- _WHAT IS BEING ASKED_
Please reproduce exactly the lines from the start of the records through the one containing "GLOBAL EFFECTS - - конфетти", and nothing more.

- _RECORD EXCERPTS_
────

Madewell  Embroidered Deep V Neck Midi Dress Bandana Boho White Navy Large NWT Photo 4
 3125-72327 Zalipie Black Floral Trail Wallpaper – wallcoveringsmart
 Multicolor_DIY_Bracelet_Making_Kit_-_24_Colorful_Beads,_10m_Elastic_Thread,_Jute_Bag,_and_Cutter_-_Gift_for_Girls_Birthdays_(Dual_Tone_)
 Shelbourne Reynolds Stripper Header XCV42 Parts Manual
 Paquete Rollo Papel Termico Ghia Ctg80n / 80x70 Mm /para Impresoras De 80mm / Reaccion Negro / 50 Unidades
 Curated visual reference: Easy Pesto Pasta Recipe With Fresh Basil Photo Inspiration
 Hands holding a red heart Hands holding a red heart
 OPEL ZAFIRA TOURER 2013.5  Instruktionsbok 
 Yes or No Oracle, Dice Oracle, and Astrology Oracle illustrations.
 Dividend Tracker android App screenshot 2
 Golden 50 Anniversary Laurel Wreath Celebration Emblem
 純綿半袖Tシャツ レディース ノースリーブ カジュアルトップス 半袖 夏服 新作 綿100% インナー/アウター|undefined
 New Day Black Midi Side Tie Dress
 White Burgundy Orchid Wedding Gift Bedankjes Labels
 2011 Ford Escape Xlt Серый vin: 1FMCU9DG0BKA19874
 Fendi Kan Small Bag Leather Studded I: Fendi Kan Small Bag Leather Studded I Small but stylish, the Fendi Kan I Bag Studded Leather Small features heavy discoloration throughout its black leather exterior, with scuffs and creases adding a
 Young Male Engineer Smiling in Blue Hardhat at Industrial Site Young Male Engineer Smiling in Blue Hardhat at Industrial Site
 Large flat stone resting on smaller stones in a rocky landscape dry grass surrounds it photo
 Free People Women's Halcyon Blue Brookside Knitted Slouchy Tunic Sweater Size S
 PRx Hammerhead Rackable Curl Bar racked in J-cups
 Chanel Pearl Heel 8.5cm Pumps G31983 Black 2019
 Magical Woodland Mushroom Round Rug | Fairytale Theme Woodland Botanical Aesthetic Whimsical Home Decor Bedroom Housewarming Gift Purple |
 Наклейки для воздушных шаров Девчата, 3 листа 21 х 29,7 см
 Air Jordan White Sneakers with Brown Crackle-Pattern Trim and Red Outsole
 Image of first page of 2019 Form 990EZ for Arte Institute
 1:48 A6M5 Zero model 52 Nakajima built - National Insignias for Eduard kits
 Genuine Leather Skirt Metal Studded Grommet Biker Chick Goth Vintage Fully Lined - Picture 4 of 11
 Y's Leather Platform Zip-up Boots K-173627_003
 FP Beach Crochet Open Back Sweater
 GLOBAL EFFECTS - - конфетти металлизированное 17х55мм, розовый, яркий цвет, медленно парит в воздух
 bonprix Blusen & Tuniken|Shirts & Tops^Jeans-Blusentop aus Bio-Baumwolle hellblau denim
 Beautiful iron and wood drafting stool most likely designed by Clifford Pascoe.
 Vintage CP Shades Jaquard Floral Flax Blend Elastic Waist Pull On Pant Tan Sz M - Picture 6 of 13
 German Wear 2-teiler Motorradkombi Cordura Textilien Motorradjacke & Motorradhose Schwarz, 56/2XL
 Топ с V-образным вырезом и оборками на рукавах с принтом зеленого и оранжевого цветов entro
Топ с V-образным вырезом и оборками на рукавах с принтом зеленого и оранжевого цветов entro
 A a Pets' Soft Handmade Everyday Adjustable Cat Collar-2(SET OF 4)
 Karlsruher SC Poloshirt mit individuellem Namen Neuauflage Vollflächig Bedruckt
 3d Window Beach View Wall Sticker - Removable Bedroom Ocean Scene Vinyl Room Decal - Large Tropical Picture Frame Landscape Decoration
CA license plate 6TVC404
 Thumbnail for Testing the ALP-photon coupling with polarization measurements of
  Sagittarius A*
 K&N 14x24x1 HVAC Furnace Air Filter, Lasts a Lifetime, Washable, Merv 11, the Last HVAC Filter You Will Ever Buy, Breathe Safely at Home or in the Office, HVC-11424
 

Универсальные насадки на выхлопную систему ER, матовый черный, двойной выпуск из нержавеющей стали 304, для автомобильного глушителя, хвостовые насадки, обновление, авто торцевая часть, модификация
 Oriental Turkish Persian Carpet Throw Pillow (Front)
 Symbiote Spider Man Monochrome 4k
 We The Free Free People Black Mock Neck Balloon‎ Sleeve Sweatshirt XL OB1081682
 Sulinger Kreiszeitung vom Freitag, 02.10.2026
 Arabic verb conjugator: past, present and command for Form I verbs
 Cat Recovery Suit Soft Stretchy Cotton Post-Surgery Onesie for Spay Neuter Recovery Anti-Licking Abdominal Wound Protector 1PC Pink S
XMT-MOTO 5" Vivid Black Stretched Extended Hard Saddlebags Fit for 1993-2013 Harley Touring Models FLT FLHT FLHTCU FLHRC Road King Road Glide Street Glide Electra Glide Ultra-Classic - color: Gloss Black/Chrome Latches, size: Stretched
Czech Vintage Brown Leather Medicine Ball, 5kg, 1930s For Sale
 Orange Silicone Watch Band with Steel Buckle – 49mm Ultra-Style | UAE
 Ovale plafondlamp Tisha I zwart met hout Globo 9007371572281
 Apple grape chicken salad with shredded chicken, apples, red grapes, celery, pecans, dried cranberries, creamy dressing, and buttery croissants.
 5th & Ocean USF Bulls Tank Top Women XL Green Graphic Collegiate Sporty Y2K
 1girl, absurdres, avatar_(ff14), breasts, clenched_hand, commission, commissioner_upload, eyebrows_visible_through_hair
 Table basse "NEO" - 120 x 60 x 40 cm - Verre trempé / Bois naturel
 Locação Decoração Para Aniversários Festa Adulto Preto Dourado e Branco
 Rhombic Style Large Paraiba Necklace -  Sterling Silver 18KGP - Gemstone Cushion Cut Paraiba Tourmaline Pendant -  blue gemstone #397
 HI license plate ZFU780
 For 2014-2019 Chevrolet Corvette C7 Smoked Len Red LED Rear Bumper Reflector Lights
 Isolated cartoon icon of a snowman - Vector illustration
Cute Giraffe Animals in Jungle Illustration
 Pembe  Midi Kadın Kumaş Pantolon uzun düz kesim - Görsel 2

────

- _WRITTEN RESPONSE_
Madewell  Embroidered Deep V Neck Midi Dress Bandana Boho White Navy Large NWT Photo 4
 3125-72327 Zalipie Black Floral Trail Wallpaper – wallcoveringsmart
 Multicolor_DIY_Bracelet_Making_Kit_-_24_Colorful_Beads,_10m_Elastic_Thread,_Jute_Bag,_and_Cutter_-_Gift_for_Girls_Birthdays_(Dual_Tone_)
 Shelbourne Reynolds Stripper Header XCV42 Parts Manual
 Paquete Rollo Papel Termico Ghia Ctg80n / 80x70 Mm /para Impresoras De 80mm / Reaccion Negro / 50 Unidades
 Curated visual reference: Easy Pesto Pasta Recipe With Fresh Basil Photo Inspiration
 Hands holding a red heart Hands holding a red heart
 OPEL ZAFIRA TOURER 2013.5  Instruktionsbok 
 Yes or No Oracle, Dice Oracle, and Astrology Oracle illustrations.
 Dividend Tracker android App screenshot 2
 Golden 50 Anniversary Laurel Wreath Celebration Emblem
 純綿半袖Tシャツ レディース ノースリーブ カジュアルトップス 半袖 夏服 新作 綿100% インナー/アウター|undefined
 New Day Black Midi Side Tie Dress
 White Burgundy Orchid Wedding Gift Bedankjes Labels
 2011 Ford Escape Xlt Серый vin: 1FMCU9DG0BKA19874
 Fendi Kan Small Bag Leather Studded I: Fendi Kan Small Bag Leather Studded I Small but stylish, the Fendi Kan I Bag Studded Leather Small features heavy discoloration throughout its black leather exterior, with scuffs and creases adding a
 Young Male Engineer Smiling in Blue Hardhat at Industrial Site Young Male Engineer Smiling in Blue Hardhat at Industrial Site
 Large flat stone resting on smaller stones in a rocky landscape dry grass surrounds it photo
 Free People Women's Halcyon Blue Brookside Knitted Slouchy Tunic Sweater Size S
 PRx Hammerhead Rackable Curl Bar racked in J-cups
 Chanel Pearl Heel 8.5cm Pumps G31983 Black 2019
 Magical Woodland Mushroom Round Rug | Fairytale Theme Woodland Botanical Aesthetic Whimsical Home Decor Bedroom Housewarming Gift Purple |
 Наклейки для воздушных шаров Девчата, 3 листа 21 х 29,7 см
 Air Jordan White Sneakers with Brown Crackle-Pattern Trim and Red Outsole
 Image of first page of 2019 Form 990EZ for Arte Institute
 1:48 A6M5 Zero model 52 Nakajima built - National Insignias for Eduard kits
 Genuine Leather Skirt Metal Studded Grommet Biker Chick Goth Vintage Fully Lined - Picture 4 of 11
 Y's Leather Platform Zip-up Boots K-173627_003
 FP Beach Crochet Open Back Sweater
 GLOBAL EFFECTS - - конфетти металлизированное 17х55мм, розовый, яркий цвет, медленно парит в воздух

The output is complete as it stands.